# Crystal Based Oscillator

Hi All,

I am revisiting a electronics project i previously worked on in which a circuit was devised using a 555 timer to create a astable 56 Khz square wave, the reason for revisiting was because thermal drift and overall circuit capacitance with electrical noise resulted in poor reliability and operational efficiency in the resulted waveform.

I am looking to create the same circuit with higher efficiency and reliability from a crystal based oscillator however this part of my knowledge is few and far between, i have been reading about colpitts, pierce, CMOS and microprocessor crystal circuits however i can not find information i can understand on how to accomplish this.

My working voltage is 5 volts any help, advice or information would be greatly helpful, the circuit type would be a great starting point in the meantime i will continue researching.

Thanks in advance, Chris.

You are not going to get a crystal that goes off at 56KHz. If you could get one made then it would be rather large. What you have to do is to get a much higher frequency, say 1MHz and use a counter chain to divide it down to your required frequency.

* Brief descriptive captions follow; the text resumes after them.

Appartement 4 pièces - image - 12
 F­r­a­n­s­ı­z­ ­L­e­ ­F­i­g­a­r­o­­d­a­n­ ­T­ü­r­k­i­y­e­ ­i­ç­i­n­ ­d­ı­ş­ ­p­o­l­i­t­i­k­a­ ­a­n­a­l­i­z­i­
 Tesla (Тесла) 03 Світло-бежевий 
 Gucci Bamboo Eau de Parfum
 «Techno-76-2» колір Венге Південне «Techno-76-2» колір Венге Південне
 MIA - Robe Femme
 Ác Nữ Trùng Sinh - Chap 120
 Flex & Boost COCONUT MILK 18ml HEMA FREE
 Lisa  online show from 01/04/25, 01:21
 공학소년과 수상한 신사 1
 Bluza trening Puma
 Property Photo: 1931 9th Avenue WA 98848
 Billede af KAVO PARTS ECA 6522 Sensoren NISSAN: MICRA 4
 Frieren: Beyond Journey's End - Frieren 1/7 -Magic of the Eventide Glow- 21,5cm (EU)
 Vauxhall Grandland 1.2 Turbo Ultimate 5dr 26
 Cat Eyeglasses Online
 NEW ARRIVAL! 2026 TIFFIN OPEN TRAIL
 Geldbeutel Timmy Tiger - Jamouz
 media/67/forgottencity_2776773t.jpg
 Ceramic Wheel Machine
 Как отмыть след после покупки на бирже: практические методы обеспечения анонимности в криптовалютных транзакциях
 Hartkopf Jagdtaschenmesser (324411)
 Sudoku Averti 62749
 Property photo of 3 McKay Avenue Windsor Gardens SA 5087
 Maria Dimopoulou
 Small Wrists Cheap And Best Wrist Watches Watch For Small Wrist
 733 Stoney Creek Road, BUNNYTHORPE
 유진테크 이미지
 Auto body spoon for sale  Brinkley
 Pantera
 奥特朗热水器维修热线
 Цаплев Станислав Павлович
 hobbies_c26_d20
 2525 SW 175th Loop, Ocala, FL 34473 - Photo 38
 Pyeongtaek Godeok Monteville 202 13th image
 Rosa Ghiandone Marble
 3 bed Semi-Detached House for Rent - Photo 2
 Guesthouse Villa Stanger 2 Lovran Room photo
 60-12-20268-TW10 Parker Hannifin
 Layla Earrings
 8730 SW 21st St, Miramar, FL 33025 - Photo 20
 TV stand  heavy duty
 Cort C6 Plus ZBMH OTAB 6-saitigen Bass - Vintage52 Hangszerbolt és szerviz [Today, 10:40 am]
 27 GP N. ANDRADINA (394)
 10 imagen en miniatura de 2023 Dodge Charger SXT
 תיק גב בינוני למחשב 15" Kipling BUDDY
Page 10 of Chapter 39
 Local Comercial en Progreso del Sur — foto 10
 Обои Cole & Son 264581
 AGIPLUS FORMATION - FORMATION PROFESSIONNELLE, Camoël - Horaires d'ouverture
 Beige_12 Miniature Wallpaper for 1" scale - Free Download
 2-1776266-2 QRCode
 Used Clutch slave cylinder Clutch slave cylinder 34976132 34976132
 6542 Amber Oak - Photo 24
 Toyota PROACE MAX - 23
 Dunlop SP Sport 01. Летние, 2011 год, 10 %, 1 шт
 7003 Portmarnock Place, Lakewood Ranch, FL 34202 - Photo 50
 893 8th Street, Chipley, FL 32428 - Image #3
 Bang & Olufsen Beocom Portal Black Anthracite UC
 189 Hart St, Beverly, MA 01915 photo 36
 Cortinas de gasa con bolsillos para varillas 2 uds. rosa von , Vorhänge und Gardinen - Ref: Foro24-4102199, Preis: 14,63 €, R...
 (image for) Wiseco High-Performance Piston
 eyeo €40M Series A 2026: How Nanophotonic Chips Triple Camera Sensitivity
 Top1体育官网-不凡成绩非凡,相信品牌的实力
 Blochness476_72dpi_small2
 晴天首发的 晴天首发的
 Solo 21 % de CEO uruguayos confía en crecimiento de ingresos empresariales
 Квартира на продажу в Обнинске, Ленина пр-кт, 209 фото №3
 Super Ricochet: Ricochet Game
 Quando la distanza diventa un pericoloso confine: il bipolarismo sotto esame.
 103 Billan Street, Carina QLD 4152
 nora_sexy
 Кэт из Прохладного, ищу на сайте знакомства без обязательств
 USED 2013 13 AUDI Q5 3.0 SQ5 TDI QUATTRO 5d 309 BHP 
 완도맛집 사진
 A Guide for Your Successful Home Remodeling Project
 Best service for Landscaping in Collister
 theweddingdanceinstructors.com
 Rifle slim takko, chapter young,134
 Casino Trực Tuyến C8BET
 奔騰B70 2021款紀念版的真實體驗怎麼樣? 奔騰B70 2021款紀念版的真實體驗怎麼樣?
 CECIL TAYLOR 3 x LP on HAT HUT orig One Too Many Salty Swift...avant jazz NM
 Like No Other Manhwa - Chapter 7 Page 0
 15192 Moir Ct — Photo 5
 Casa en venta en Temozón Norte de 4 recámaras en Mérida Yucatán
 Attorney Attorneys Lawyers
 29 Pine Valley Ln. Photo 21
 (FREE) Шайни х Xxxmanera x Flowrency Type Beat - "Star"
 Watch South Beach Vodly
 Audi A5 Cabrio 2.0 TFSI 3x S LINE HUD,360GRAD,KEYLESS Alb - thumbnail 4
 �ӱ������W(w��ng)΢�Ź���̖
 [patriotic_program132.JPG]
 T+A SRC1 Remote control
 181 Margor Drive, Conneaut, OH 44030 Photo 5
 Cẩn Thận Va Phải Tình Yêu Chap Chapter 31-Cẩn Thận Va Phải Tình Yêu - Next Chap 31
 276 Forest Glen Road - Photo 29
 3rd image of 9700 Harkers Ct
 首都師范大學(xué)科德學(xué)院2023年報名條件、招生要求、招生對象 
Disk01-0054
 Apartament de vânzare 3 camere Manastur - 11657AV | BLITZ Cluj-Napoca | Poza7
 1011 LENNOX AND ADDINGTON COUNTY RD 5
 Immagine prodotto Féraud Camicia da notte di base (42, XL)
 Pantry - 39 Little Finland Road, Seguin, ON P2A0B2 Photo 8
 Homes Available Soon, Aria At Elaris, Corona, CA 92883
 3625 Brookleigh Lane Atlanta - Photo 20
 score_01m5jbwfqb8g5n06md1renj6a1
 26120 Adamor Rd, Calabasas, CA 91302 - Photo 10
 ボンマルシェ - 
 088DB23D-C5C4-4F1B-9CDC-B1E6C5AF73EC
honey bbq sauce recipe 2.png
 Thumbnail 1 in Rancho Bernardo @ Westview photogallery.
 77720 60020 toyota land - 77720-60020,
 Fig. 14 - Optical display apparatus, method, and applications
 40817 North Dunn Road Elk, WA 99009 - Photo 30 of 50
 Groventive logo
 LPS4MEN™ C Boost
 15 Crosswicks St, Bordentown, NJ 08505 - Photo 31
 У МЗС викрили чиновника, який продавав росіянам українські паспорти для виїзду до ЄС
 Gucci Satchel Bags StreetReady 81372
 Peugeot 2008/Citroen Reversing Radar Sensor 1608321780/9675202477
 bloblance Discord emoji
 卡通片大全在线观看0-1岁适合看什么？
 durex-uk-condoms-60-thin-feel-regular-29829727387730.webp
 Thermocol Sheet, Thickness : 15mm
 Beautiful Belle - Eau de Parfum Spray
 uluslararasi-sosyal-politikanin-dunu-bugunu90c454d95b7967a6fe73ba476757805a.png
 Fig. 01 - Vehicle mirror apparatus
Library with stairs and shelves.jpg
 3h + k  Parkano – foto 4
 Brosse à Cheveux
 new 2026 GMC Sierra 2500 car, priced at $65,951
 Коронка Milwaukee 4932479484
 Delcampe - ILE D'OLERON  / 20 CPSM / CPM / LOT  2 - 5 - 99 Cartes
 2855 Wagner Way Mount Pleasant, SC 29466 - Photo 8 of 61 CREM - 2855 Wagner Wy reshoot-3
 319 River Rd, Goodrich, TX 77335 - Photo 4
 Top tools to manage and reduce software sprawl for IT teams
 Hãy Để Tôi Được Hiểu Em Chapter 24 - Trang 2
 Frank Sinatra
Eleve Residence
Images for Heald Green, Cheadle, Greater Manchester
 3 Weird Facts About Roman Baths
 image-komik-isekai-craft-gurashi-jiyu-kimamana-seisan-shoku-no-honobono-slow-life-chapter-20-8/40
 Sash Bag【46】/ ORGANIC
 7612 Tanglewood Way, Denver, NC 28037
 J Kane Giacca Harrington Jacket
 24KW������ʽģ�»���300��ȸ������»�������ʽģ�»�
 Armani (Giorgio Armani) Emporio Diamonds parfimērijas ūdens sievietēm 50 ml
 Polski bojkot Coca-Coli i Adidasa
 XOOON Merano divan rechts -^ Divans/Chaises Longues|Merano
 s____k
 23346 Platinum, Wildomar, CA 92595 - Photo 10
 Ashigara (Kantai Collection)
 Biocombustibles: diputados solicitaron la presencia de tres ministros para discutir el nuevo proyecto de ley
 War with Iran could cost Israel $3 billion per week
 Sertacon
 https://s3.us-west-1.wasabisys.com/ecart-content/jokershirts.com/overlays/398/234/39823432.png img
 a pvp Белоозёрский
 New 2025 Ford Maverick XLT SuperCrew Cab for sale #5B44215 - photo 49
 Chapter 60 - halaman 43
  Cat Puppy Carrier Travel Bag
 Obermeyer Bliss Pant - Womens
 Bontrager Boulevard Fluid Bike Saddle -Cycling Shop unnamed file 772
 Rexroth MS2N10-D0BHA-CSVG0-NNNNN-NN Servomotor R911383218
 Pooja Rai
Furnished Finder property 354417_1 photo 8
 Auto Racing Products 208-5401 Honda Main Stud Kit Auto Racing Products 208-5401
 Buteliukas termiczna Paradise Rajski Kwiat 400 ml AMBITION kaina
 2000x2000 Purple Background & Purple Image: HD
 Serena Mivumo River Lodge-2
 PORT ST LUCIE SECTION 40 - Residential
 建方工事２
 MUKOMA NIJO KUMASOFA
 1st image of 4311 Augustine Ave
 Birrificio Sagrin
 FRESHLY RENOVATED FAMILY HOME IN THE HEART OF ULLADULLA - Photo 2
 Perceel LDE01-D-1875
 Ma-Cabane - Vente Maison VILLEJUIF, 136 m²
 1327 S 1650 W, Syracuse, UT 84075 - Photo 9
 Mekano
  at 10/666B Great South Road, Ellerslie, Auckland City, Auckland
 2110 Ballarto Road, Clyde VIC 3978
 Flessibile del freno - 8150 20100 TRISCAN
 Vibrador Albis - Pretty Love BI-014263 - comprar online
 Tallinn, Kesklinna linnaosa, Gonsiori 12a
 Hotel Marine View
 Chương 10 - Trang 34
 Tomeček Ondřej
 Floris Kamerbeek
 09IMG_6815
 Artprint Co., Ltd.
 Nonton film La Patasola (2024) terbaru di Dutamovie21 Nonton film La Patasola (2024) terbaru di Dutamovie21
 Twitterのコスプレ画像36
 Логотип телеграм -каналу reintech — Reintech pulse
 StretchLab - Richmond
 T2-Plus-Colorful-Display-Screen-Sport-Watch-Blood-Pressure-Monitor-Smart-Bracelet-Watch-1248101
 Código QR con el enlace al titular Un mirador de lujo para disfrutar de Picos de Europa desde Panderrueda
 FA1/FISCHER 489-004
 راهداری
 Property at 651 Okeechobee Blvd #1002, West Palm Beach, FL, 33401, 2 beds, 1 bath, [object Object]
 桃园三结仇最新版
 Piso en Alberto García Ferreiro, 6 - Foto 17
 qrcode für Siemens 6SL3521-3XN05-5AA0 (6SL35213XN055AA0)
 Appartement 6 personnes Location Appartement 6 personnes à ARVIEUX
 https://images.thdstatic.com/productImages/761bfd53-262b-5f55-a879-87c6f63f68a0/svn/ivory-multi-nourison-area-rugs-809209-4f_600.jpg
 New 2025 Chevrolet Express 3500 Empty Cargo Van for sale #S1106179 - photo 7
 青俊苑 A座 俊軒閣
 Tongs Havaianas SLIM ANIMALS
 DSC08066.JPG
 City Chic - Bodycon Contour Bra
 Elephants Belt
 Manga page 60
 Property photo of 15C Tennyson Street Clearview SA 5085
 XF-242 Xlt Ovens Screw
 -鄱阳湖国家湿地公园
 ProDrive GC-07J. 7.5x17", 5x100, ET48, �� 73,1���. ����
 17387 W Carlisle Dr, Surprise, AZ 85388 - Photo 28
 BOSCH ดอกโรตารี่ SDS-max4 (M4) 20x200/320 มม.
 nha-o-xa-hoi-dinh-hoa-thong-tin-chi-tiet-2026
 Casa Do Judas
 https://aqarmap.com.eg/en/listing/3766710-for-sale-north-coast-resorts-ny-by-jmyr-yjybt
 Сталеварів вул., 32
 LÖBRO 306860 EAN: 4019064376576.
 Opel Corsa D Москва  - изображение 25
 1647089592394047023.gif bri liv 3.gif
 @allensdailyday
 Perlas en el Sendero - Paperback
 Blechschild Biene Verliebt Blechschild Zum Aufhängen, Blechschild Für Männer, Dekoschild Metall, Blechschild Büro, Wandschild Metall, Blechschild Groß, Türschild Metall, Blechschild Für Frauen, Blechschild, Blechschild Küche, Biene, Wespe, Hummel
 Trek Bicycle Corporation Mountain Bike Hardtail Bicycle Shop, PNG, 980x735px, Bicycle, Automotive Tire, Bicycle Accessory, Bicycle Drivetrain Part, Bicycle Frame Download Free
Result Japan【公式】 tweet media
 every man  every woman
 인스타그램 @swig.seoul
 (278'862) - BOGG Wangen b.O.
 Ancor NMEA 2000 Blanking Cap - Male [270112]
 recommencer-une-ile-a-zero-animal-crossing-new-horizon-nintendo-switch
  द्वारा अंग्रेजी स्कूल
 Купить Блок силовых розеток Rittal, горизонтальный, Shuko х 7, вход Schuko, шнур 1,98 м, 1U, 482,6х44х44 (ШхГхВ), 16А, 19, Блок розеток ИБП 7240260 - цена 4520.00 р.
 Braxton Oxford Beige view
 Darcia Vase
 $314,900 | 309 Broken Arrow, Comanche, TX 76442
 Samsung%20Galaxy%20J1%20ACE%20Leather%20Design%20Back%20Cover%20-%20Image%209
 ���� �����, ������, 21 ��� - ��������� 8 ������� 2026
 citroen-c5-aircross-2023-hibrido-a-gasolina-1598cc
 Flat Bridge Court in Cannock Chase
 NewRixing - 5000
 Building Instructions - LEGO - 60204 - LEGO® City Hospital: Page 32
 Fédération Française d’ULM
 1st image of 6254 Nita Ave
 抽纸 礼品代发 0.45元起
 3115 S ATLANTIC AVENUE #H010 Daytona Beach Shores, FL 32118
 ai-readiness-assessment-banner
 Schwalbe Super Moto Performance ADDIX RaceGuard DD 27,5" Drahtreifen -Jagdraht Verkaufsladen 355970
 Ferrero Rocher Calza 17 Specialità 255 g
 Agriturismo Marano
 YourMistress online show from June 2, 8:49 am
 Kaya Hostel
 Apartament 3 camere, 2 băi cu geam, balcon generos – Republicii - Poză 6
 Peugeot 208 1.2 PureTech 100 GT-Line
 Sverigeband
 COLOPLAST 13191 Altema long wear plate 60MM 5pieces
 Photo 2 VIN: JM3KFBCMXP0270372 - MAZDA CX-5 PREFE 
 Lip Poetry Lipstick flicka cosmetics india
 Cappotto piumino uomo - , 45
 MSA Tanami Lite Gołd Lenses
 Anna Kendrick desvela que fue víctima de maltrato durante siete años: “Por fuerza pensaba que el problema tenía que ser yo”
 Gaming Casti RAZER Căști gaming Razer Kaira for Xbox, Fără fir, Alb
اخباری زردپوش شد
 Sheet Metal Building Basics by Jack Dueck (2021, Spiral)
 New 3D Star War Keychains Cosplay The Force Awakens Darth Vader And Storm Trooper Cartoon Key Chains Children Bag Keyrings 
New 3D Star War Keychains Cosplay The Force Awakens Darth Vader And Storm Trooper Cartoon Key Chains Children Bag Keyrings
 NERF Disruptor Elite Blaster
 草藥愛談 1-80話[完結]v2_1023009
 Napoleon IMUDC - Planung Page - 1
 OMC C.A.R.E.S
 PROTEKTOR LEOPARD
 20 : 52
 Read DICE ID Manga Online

What is this particular method called i've heard people discuss divisions of crystal frequencies but no body names the type of circuit could you provide an example circuit or what could i type into google to get an example of this.

Grumpy_Mike:
You are not going to get a crystal that goes off at 56KHz. If you could get one made then it would be rather large. What you have to do is to get a much higher frequency, say 1MHz and use a counter chain to divide it down to your required frequency.

Is there some reason that a 56 kHz crystal would need to be large, but a 32.768 kHz crystal can be made small enough to use in a watch?

I have started watching some tutorial videos online as well as reading on frequency dividers because at current i have no idea how to wire up the frequency divider you linked or what each pin is used for from the data sheet so i will do more research tomorrow but for now its to late thanks.

What is this particular method called i've heard people discuss divisions of crystal frequencies but no body names the type of circuit could you provide an example circuit or what could i type into google to get an example of this.

A [u]Type-T Flip-Flop[/u] is a divide by 2 circuit. Frequency dividers are usually made from flip-flops.

As far as building an oscillator circuit - In most cases, it's easier to buy a [u]crystal oscillator[/u] than to buy a crystal and build your own oscillator circuit.

These circuits are called counters or frequency dividers. CrossRoads gave you a link to them. You need a divide by 6 followed by a divide by 12, because 6 X 12 is ?

Jiggy-Ninja:
Is there some reason that a 56 kHz crystal would need to be large, but a 32.768 kHz crystal can be made small enough to use in a watch?

Google it, the low frequency clock crystals are actually tuning forks.

Why this frequency, and how stable does it have to be.
56kHz sounds like a remote control transmitter frequency.
Done that both with a Cmos 555 and an Arduino.
Both we stable/accurate enough for the task.
Leo..

Shandy:
Hi All,

I am revisiting a electronics project i previously worked on in which a circuit was devised using a 555 timer to create a astable 56 Khz square wave, the reason for revisiting was because thermal drift and overall circuit capacitance with electrical noise resulted in poor reliability and operational efficiency in the resulted waveform.

What are you trying to do ?

555 56 KHz why ?
Do you need a stable clock ?

Go to Mouser Electronics (Mouser.com) and search for the CD4060 chip. Download the pdf spec sheet and it shows a simple way to use the CD4060 with a crystal or resonator (Mouser also has low frequency crystals - tuning fork design which can be used with the CD 4060). You can use the crystal frequency directly, or the CD4060 allows various powers of 2 divisions of that frequency all the way up to 16384. Usually, by picking a common crystal frequency and the correct division, you can get what you want. Multiple CD4060s can be cascaded to get very low frequencies off the oscillator. The CD4060 will run off a wide range of voltages and its outputs are TTL compatible. Available in pin and SMD versions.